Current economic woes due to domestic factors: RBI Governor
New Delhi: Attributing the current economic woes to stimulus provided by the government to tide over the global crisis of 2008, RBI Governor Raghuram Rajan has said it eventually led to an overheated economy, high inflation and uncomfortable fiscal and current account deficits.
Addressing investors at an Citibank event in New York, Rajan said economy has slowed to below 5 percent from an average of 8 percent between 2002-2012, mainly on account of domestic factors.
The slowdown is "largely a result of domestic factors (institutional weakness, withdrawal of stimulus) and one-third due to global factors,", Citi said in a release today quoting Rajan.
"While the stimulus did help growth initially, it eventually led to an over-heated economy, high inflation/wage growth and consequently deficits widening to uncomfortable highs".
The then Finance Minister Pranab Mukherjee gave three stimulus packages to the industry to combat the impact of global financial meltdown of 2008.
The current account deficit (CAD), which is the difference between inflow and outflow of foreign exchange, rose to a record high of 4.8 percent of GDP in 2012-13, from 2.8 percent in 2010-11.

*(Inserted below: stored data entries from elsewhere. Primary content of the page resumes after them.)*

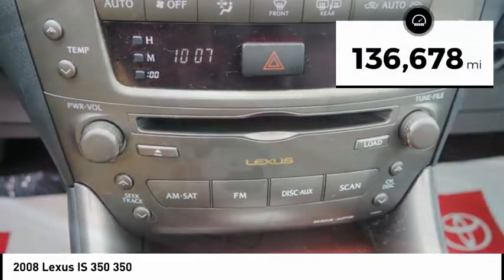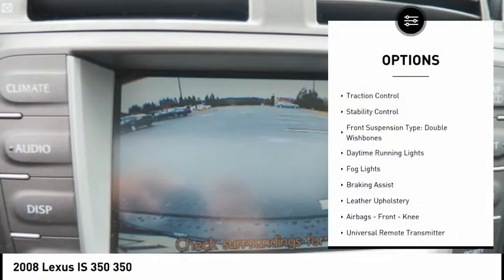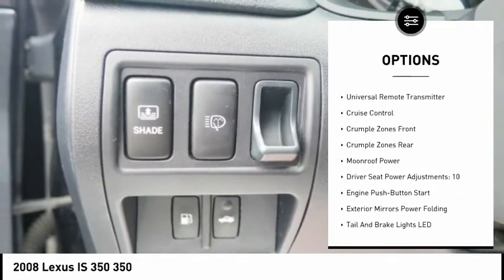This vehicle has less than 140,000 miles. Here are some of this vehicle's great options: traction control, stability control, front suspension type double wishbones, daytime running lights, and fog lights.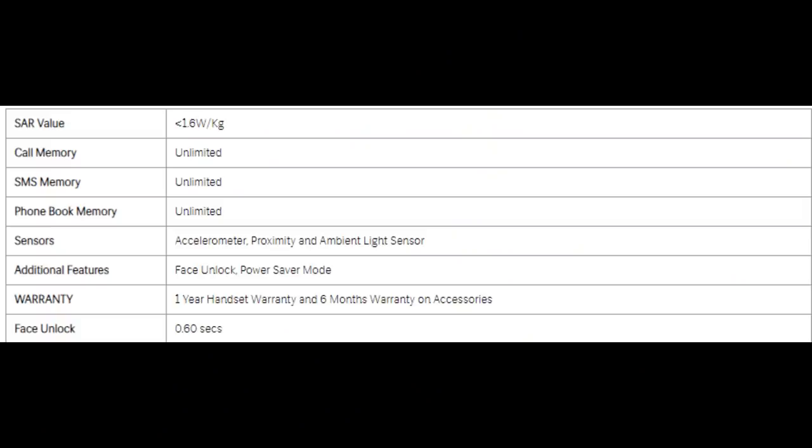The SAR value is important for any smartphone. It is better than 1.5 W/kg. The SAR value here is 0.6 W/kg, and one measurement is 1.59 W/kg. The SAR value is 0.5 W/kg, which is less than the 1.6 W/kg limit.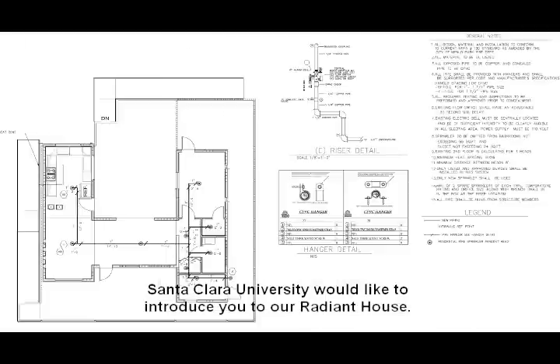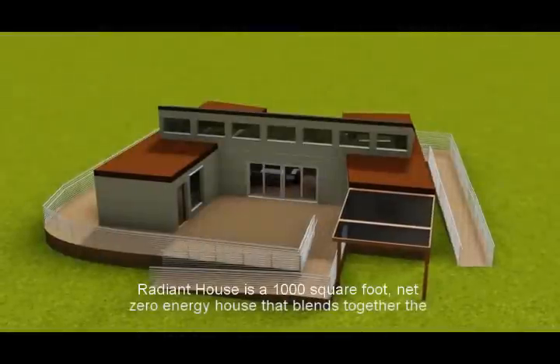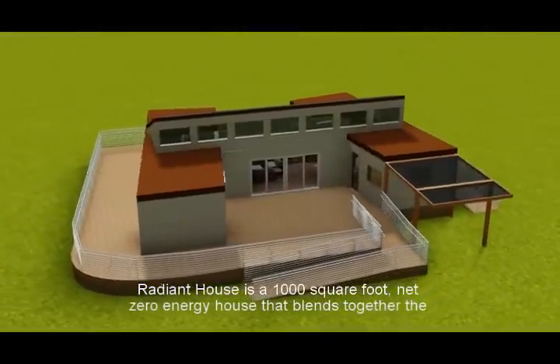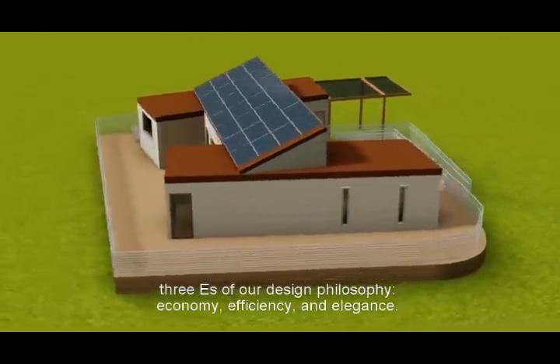Santa Clara University would like to introduce you to our Radiant House. Radiant House is a 1,000 square foot net zero energy house that blends together the three E's of our design philosophy: economy, efficiency, and elegance.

Following the measure taken by the government and the RBI to increase inflow and restrict gold imports, the CAD moderated to 3.1 percent of the GDP in first half of current fiscal. It was at 4.5 percent in H1 of 2012-13.
"Efforts to rein in the CAD have worked with the deficit likely to come in at sub 3 percent of GDP from 5 percent last year," he said.
On a more long-term basis, Rajan hoped that inflation indexed bonds would help reduce gold demand.
Referring to fiscal deficit, he said the budget target of 4.8 percent of GDP is likely to be met, "but could result in a contraction in spending, depending on the extent of revenue shortfall".
The fiscal deficit stood at 4.9 percent in 2012-13.
Rajan said there was a need to improve the financial system by clarifying monetary policy framework, strengthening the banking structure through new entry or bank expansion and broadening financial markets, among others.